Considered by itself, it is beneath the dignity of a sovereign,
just as the readiness to indulge in this kind of reasoning is
unworthy of the dignity of his minister.
But if, in consequence of enlightened concepts of statecraft,
the glory of the state is placed in its continual aggrandizement by
whatever means, my conclusion will appear merely academic and
pedantic.
2. "No Independent States, Large or Small, Shall Come under
the Dominion of Another State by Inheritance, Exchange, Purchase,
or Donation"
A state is not, like the ground which it occupies, a piece of
property (patrimonium). It is a society of men whom no one
else has any right to command or to dispose except the state
itself. It is a trunk with its own roots.
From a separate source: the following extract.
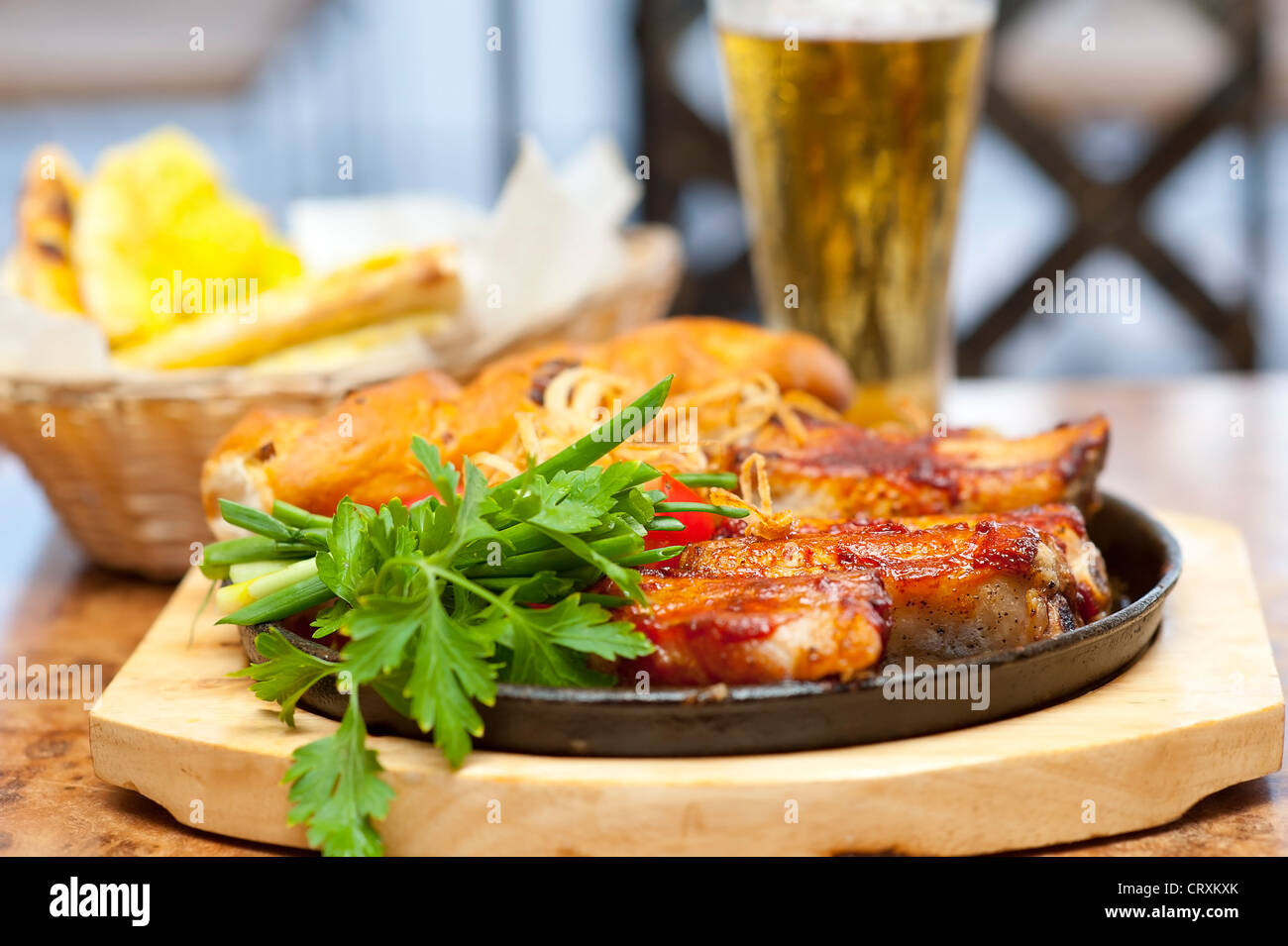 Gegrillte Schweinerippchen und Gemüse hautnah. Mit Brot und Bier im ...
But to incorporate it
into another state, like a graft, is to destroy its existence as a
moral person, reducing it to a thing; such incorporation thus
contradicts the idea of the original contract without which no
right over a people can be conceived.1
Everyone knows to what dangers Europe, the only part of the
world where this manner of acquisition is known, has been brought,
even down to the most recent times, by the presumption that states
could espouse one another; it is in part a new kind of industry for
gaining ascendancy by means of family alliances and without
expenditure of forces, and in part a way of extending one's domain.
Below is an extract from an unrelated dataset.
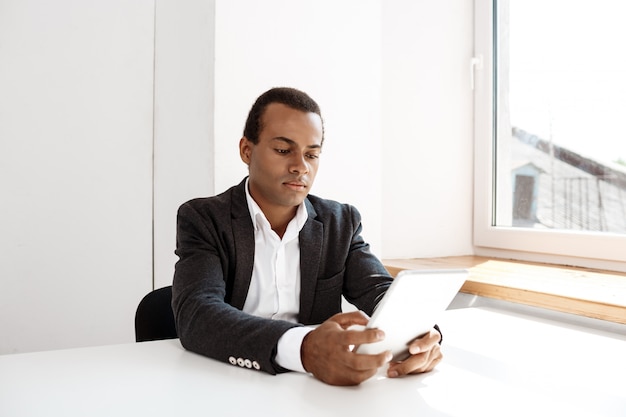 Young successful businessman looking at tablet, sitting  workplace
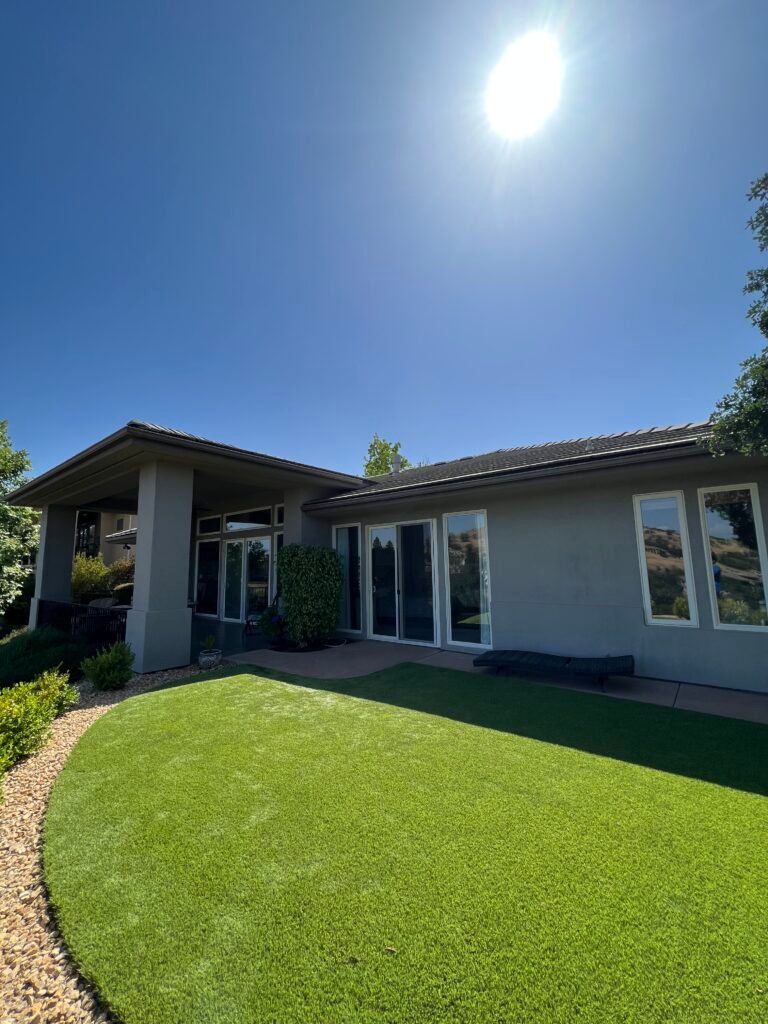 Single-story home exterior and lawn after cleaning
Also the hiring-out of troops by one state to another, so that they
can be used against an enemy not common to both, is to be counted
under this principle; for in this manner the subjects, as though
they were things to be manipulated at pleasure, are used and also
used up.
3. "Standing Armies (miles perpetuus) Shall in Time Be
Totally Abolished";
For they incessantly menace other states by their readiness to
appear at all times prepared for war; they incite them to compete
with each other in the number of armed men, and there is no limit
to this. For this reason, the cost of peace finally becomes more
oppressive than that of a short war, and consequently a standing
army is itself a cause of offensive war waged in order to relieve
the state of this burden. Add to this that to pay men to kill or to
be killed seems to entail using them as mere machines and tools in
the hand of another (the state), and this is hardly compatible with
the rights of mankind in our own person. But the periodic and
voluntary military exercises of citizens who thereby secure
themselves and their country against foreign aggression are
entirely different.
The accumulation of treasure would have the same effect, for, of
the three powers the power of armies, of alliances, and of
money the third is perhaps the most dependable weapon. Such
accumulation of treasure is regarded by other states as a threat of
war, and if it were not for the difficulties in learning the
amount, it would force the other state to make an early attack.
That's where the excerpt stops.